Map/rename chromosome identifiers in a delimited text file using a tab-delimited mapping table.

Reads a delimited text file, replaces the chromosome identifier in a user-selected column according to a mapping table, and writes the transformed lines to an output file.

The mapping table is read from a tab-delimited file. Lines starting with # are ignored. Each mapping line is split on TAB; the first field is treated as the source chromosome name and the second field as the target name.

If a mapping line contains only one field, the target is treated as <remove>, which causes matching lines to be dropped.
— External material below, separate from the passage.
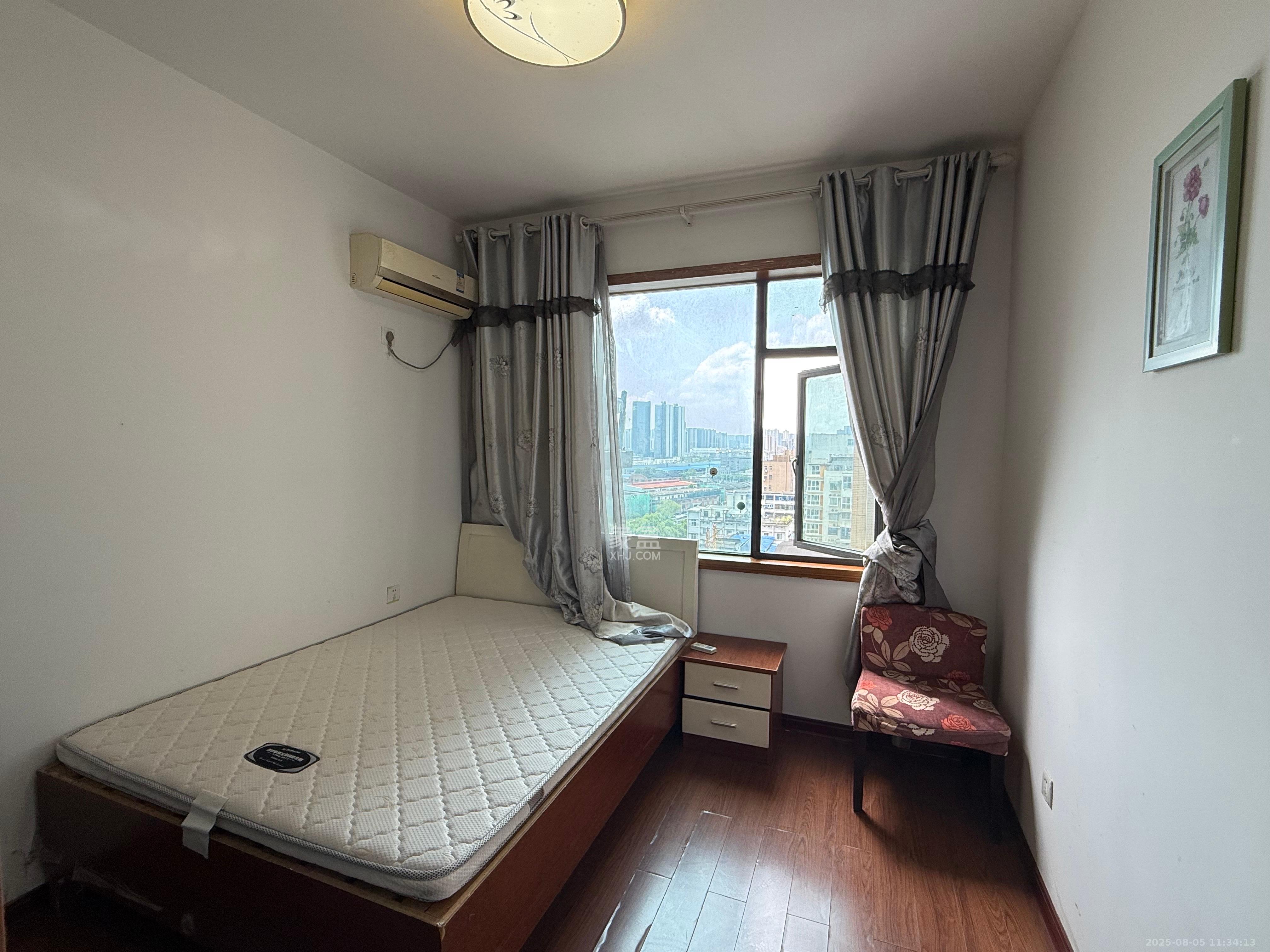 融圣国际 3室2厅2卫 3000.0元/月 融圣国际 3室2厅2卫 3000.0元/月室内图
Lines whose chromosome value is not present in the mapping table are removed (with a message to STDOUT). Header / comment lines (first field starts with #) are preserved in the output.

Output behavior

  • If the chromosome field is defined and exists in the mapping table: it is replaced.
  • If the mapped value is <remove>: the line is dropped and a message is printed to STDOUT.
  • If the first field starts with #: the line is written unchanged to the output.
  • Otherwise: the line is dropped and a message is printed to STDOUT indicating an invalid/unmapped chromosome.

Usage

perl map_chromosomes.pl [INPUT] [COL] [DELIMITER] [MAP] [OUTPUT]

Arguments (positional)

The script expects exactly 5 arguments in a specific order:

  1. [INPUT]: Path to the input text file to be processed
  2. [COL]: 1-based column index indicating which column contains the chromosome identifier to map. Whitespace is stripped. Internally, the script converts this to 0-based indexing. Must be numeric (validated via looks_like_number)
  3. [DELIMITER]: Delimiter identifier for splitting and re-joining columns. Must be one of: TAB, COMMA, DASH, UNDERSCORE, PIPE, DOT, SPACE. These correspond to the split/join characters used by the script
  4. [MAP]: Tab-delimited mapping file. Each non-comment line is split on TAB: <from>\t<to>
  5. [OUTPUT]: Output file path. The script writes transformed lines to this file

Requirements

  • Perl version: >= 5.40.2
  • Modules:
    • Scalar::Util: >= 5.42.0